While I was working as the Store Manage of the KB in Waltham in the spring of 2002, the PlayStation 2 was the hot video game system of the moment. And having gone through a few generations of systems I was aware of the various scams involving them. Be it theft of the system, fraudulent returns, or the subject of this tale, The Stolen Credit Card.
I knew from experience that someone coming in to to buy 2 systems with a credit card and buying nothing else was a red flag that the credit card being used was stolen. However I was not allowed to just say not to a sale based upon this reason alone. A man came into my store one night to buy 2 PS2s and nothing else. Knowing the red flag, I made sure to check his Driver's License. Everything looked fine, I ran the order and out he went. A month or so later a Detective from the Waltham PD came into my store to ask a few questions about a case he was working on. He told me about a stolen credit card ring that was being run out of a local gym. He said the card was used at my store on a specific date. He gave me the amount of the sale and I KNEW exactly what was bought and that I had rung up that transaction. I told the officer that I checked his ID. The officer felt guilty and didn't want to show me the file he was holding. He told not to feel bad, before even showing it to me! He told me that this guy was a Professional Thief and that this was his craft. He was a Master Barber, or Master Plumber, just of stealing. My pride demanded I see the file. So he opened it and I saw the name of the woman who owned the credit card. The woman, as opposed to the drastically racially different MAN I sold the systems to. The name was nowhere near an ambiguous name either. I was furious at myself! I was the Store Manager and I fell for that scam? But the Officer calmed me down and told me that he sees it all the time. That hardly anyone that checks ID in America was trained on how to do so properly. He told me I was not at fault at all (and thankfully neither was my company!) and to just be more careful next time.
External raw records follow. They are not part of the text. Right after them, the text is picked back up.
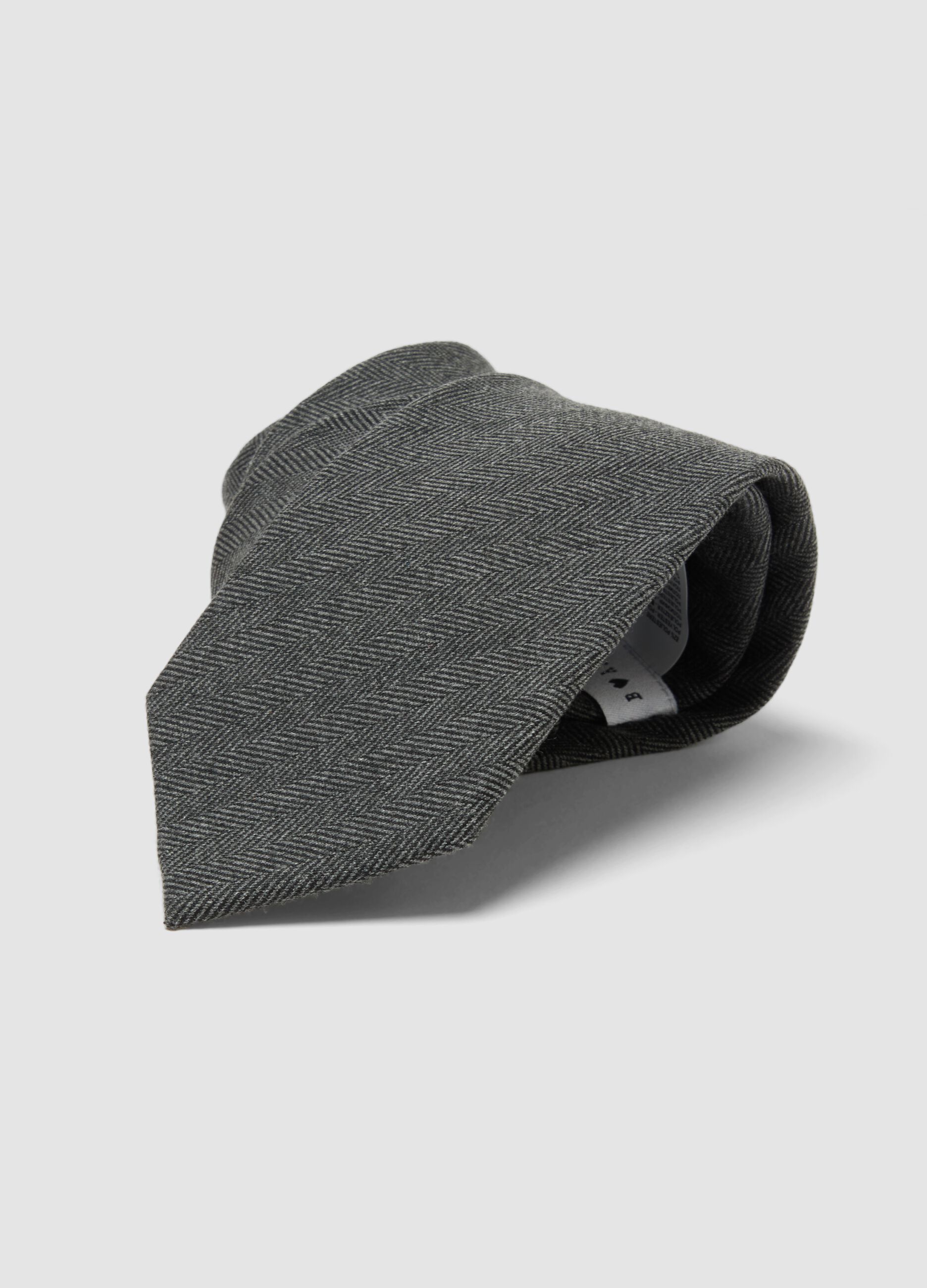 Grey herringbone stretch viscose tie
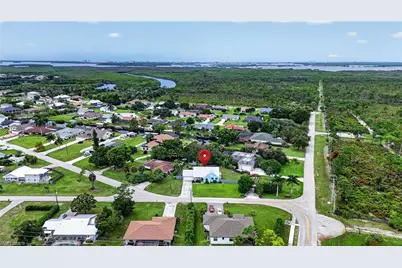 20520 Pine Tree Ln, Estero, FL 33928 - Photo 44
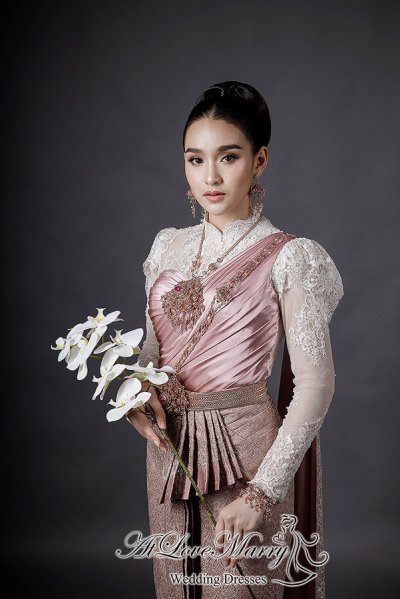 ชุดไทยแขนยาว ชุดเจ้าสาวศิวาลัย ไทยบรมพิมาน ไทยประยุกต์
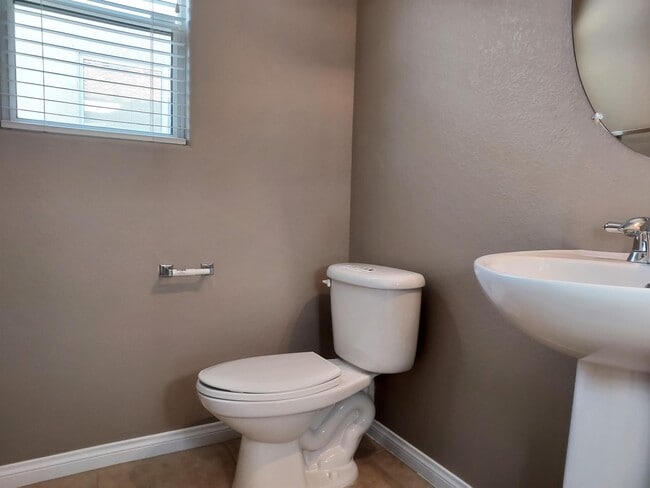 Building Photo - 9564 Fresh Crown Ct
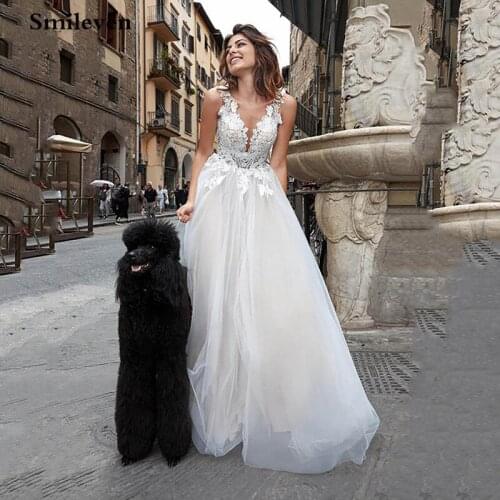 Smileven V Neck Lace Beach Wedding Dress 2021 Sleeveless Backless Bride Dresses Simple Puff Tulle Lace Boho Bridal Gowns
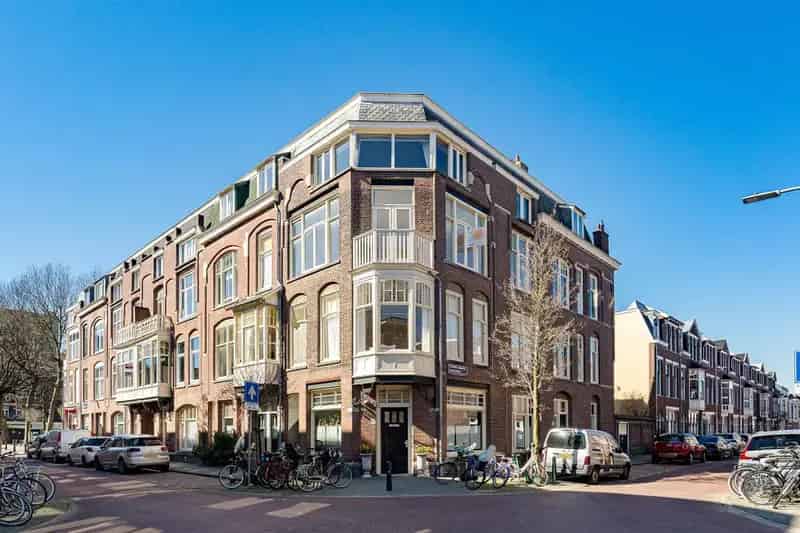 Ruime Bovenwoning Bezuidenhout 3 slaapkamers 168m² Dakterras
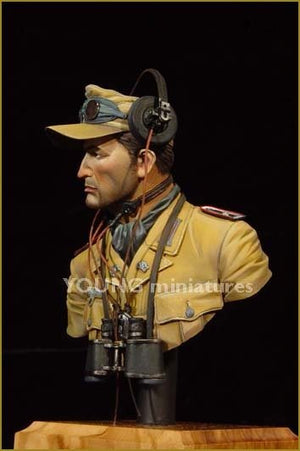 Young Miniatures YM1802 DAK Panzer Officer 1/10 – zdjęcie 3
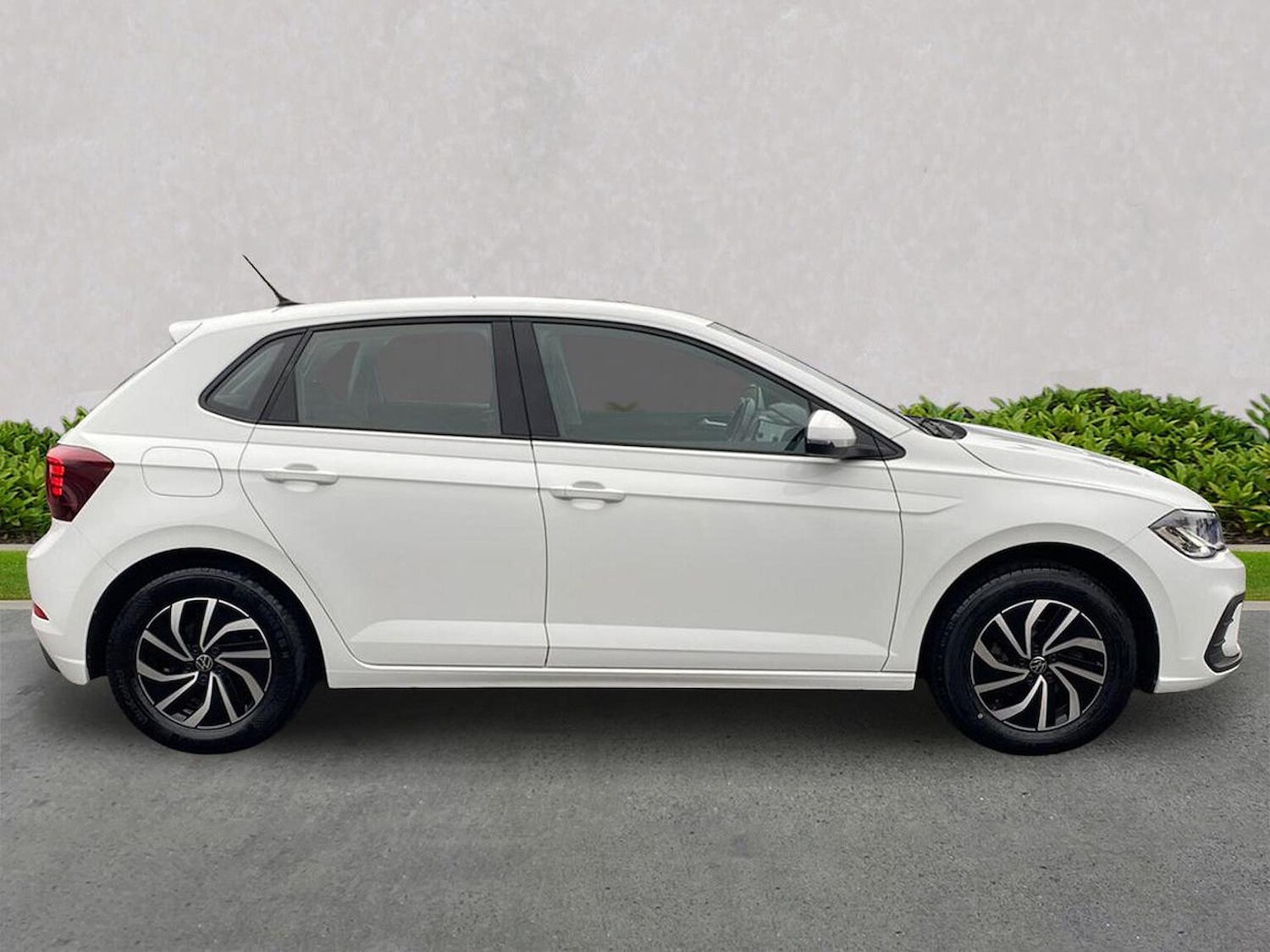 Used Volkswagen Polo 2023 for sale - 76300819: Photo 3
I do not remember if they caught the guy. And that is not the point. The point was that a Professional Thief will rob you blind with a skill that comes from years of practice and training. Just like an Electrician who's worked on hundreds of jobs, this thief had stolen hundreds of credit cards and knew what he was doing. He had scammed plenty of other retail workers. I wasn't alone, I wasn't special, I wasn't an idiot that was not doing his job properly. I was dealing with a pro.
The only way to stop a pro is...you can't. All you can do is do your best to reduce to opportunity and increase the amount of awareness people have that there are other people around. Be there and paying attention, but even then, the really good ones will get you.
Sadly this story came up at my current job recently. A co-worker robbed us blind. Chipping away at us slowly but surely for months. And none of us caught it until too late. Fortunately the big job being planned was stopped, and that's all you can really ask for. But it does not hurt any less. It fucking sucks in an office so small (10 employees including the owner) that one of us took advantage of all of our trust.
But I told this story to them, because it's pure truth. The person that betrayed us was a Pro. None of us was caught sleeping, nor did a bad job. None of us were expecting a pro. The person is gone, and a close tight-knit group has gotten closer. Adversity does that.